Beberapa jenis penempatan memori dalam otak manusia antara lain;
1. Laci perkembangan diri
Kita wajib menempatkan informasi yang menjadi fokus dalam tujuan hidup kita. Tiap-tiap periode umur mempunyai tujuan hidup yang progresif. Contohnya saat kita masih berada pada jenjang sekolah dasar, fokus utama kita adalah mempersiapkan diri untuk menghadapi sekolah lanjutan.
Bukan berarti kita harus berpikiran semata-mata mengejar nilai teoritis. Kita harus mengubah cara pandang bahwa saat kita mendapatkan sekolah yang berkualitas maka kita berkesempatan mendapat peluang mengembangkan potensi diri serta dukungan agar kita berproses lebih baik lagi.

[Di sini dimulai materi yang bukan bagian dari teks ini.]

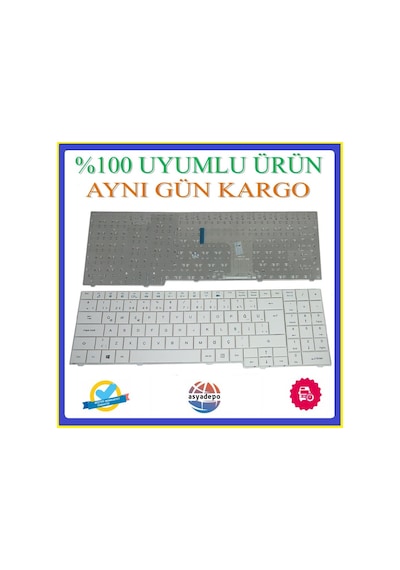 Asya.Depo Casper Uyumlu Cmu Klavye Tuş Takımı Beyaz Tr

Berlanjut pula, saat kita telah bersiap untuk menuju jenjang sebagai pencari kerja. Kita harus fokus terhadap potensi apa yang kita miliki, kita kembangkan, dan kita gunakan sebagai daya tarik mendapatkan pekerjaan yang diinginkan;
2. Laci untuk hal-hal yang sangat dipedulikan
Manusia termasuk makhluk sosial yang fitrahnya untuk peduli terhadap lingkungan sekitarnya. Namun, kita tidak perlu memperdulikan semua hal, karena memikirkan semua hal akan membuat diri kita kelelahan, dan tidak fokus terhadap tujuan hidup kita. Keluarga dekat, seperti ayah, ibu, suami atau isteri serta saudara kandung harus ditempatkan dalam laci prioritas untuk dipedulikan. Mereka akan menjadi satu-satunya bantuan yang kita harapkan seumur hidup.
Mereka adalah bagian tubuh dan jiwa kita yang terkait berdasarkan pertalian darah dan rasa. Oleh karena itu, menempatkan mereka sebagai bagian terpenting hidup dalam laci tersebut, membuat kita akan selalu teringat untuk tetap bangkit di saat kita menemui kesulitan maupun kegagalan;
3. Laci untuk hobi dan kegemaran
Hidup kita perlu sesuatu yang berwarna namun tidak berlebihan. Kita dapat mengisinya dengan kegemaran yang bermanfaat. Kegemaran yang dapat pula memberi manfaat bagi diri kita maupun lingkungan sekitar. Terkadang suatu kegemaran akan menjadi sesuatu potensi baru kita jika kita fokus mengembangkannya. Sehingga, menempatkan kegemaran dalam laci ketiga memberikan pengaruh yang baik bagi hidup kita;
4. Laci pembelajaran atas kegagalan
Terkadang kita sangat benci dengan kegagalan, kita merasa tidak berdaya dan selalu menyesalinya. Padahal dari kegagalan tersebut, manusia berproses untuk lebih baik lagi. Menghargai proses, berarti menghargai diri kita telah berupaya melakukan perbaikan. Mempercayai bahwa kita bisa memecahkan permasalahan yang menurut kita rumit, tanpa perlu kita melarikan diri tanpa menemukan solusinya.
Selain laci-laci di atas berarti kita tak perlu menyimpan informasi tak bermanfaat tersebut di dalam hidup kita. Seperti halnya, kritikan yang tidak membangun, hinaan mengenai penampilan yang mengisyaratkan suatu kasta tertentu, ataupun tindakan yang terlihat mengucilkan diri kita.
Oleh karena itu, buatlah hidup kita berharga dengan menempatkan informasi dan hal-hal bermanfaat ataupun tidak bermanfaat sesuai dengan tempatnya. Jika pengaruh buruk kita abaikan maka kita tidak perlu merasa sakit hati atas peristiwa-peristiwa yang menimpa diri kita.